Fibrodysplasia Ossificans Progressiva (Stone Man Syndrome)

Journal of medical case reports
02 Dec, 2019 ,

Zakir Ali Shah et al report a case of a 10-year-old Pakistani boy brought by his parents to our institution. He had clinical and radiological features of fibrodysplasia ossificans progressive and presented with multiple painful lumps on his back due to hard masses and stiffness of his shoulders, neck, and left hip. He underwent surgical excision of left hip ossification followed by an exaggerated response in ossification with early disability. Radiological examination revealed widespread heterotopic ossification. All of his laboratory blood test results were normal.

Source
Full content

A 10-year-old Pakistani boy presented to our clinic in Pakistan with a 6-month history of pain and tender masses on the back, left arm, and left hip. Pain was insidious in onset and gradually worsened, causing difficulty in walking and decreased range of motion of shoulders and hips.

On examination, the patient had multiple swellings on his back, right shoulder, left hip, and left knee.

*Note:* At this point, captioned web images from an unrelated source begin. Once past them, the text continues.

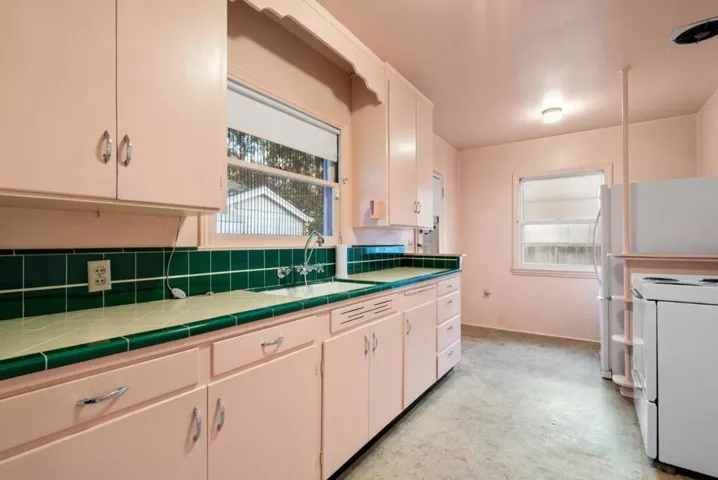 709 Riverview Drive, Capitola, California 95010
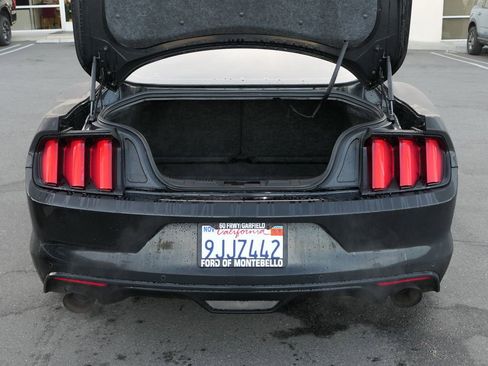 Used 2015 Ford Mustang GT image 23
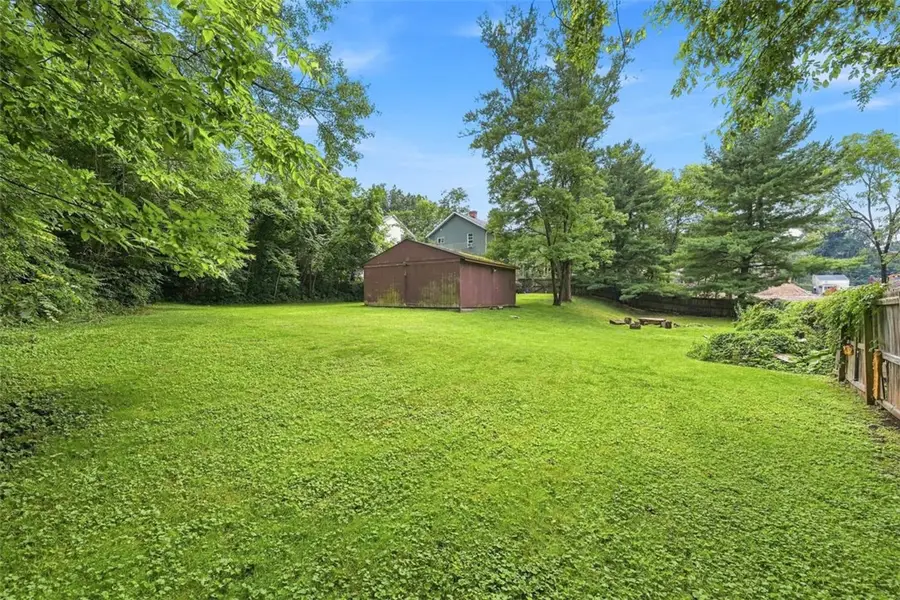 1221 Oakleaf Dr, Pittsburgh, PA 15207 - #3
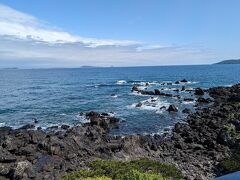 鐙瀬瀬溶岩海岸に到着。
遠くに赤島・黄島・黒島もくっきりと見えました。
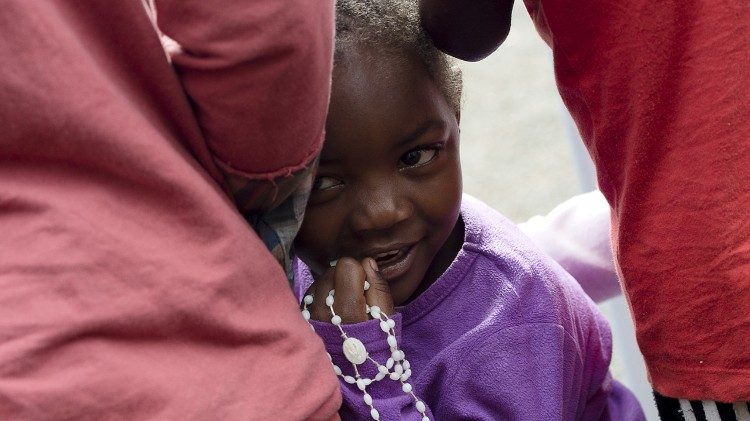 Tâm hồn vui tươi của Silvia Costanza Romano dành cho các em trẻ ở Phi Châu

Another hard mass was seen on the left arm, near the anterior fold of the armpit, and extending to the whole of the biceps. The mass was painful, but no warmth or inflammation was noted (Fig. 1). Palpation revealed tenderness of all visible masses and stiffness of all abdominal and paraspinal muscles. Abduction of both shoulders was restricted to 35 degrees on the left side and 10 degrees on the right side (Fig. 1).

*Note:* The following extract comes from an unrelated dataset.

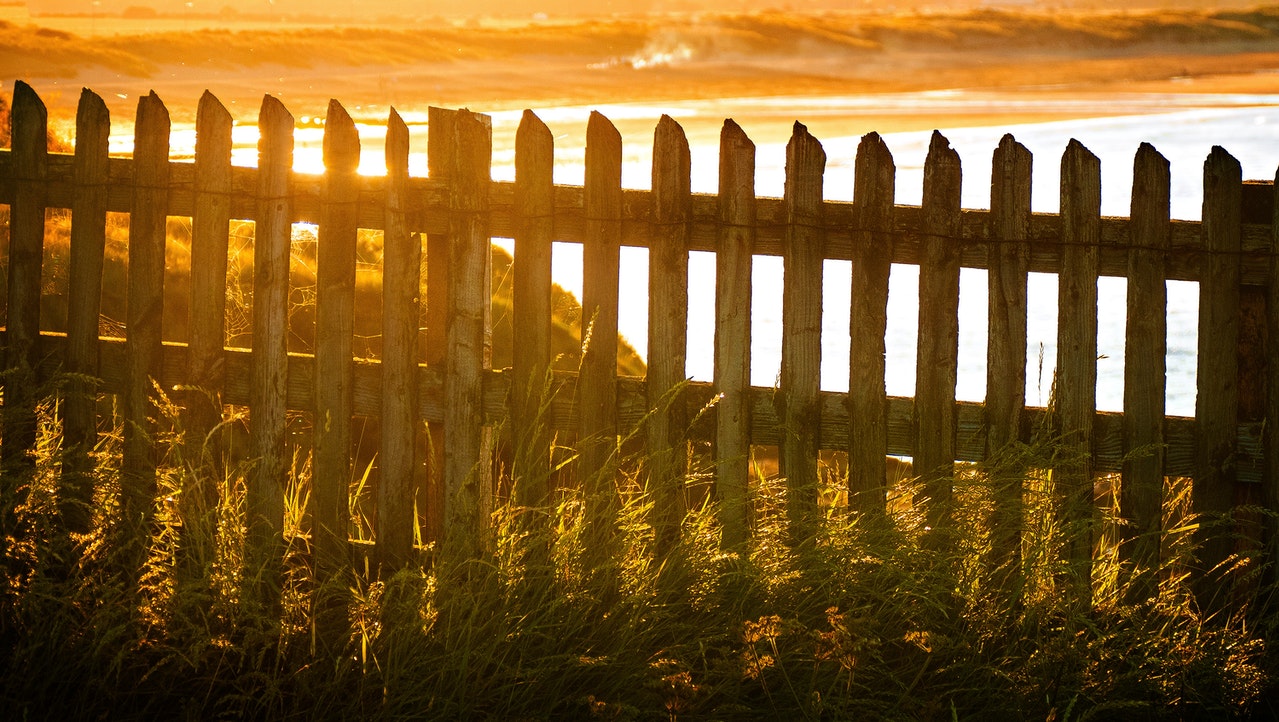 does-vinyl-fence-last-a-long-time-is-it-worth-your-money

He was not able to walk and squat in normal posture and had severe restricted range of motion of the left hip.

No appreciable lymphadenopathy was noted. The boy’s parents did not show any similar abnormalities in their physical examination.

Results of laboratory studies were normal. Genetic analysis testing could not be performed because of the parents’ financial issues. Conventional radiographs showed heterotopic ossification involving the spine, neck, shoulders, hips, and right knee

No history of local trauma was found at the beginning of the disease. The patient had no siblings and no family history of any disease.

Regarding the patient’s past history, his parents reported surgical intervention and excision of left hip ossification followed by temporary improvement in range of motion of the left hip. Regular follow-up was done at 2-month intervals, and follow-up x-ray showed exacerbation (flare-up) of ossification and again severe restricted range of motion of the left hip

The patient was initiated on symptomatic treatment, and his family was educated about the disease. Counseling was done, and prevention of trivial trauma was advised. Recently, in follow-up, it was noticed that his quality of life was improved over a previous visit. The patient will be followed clinically and radiologically.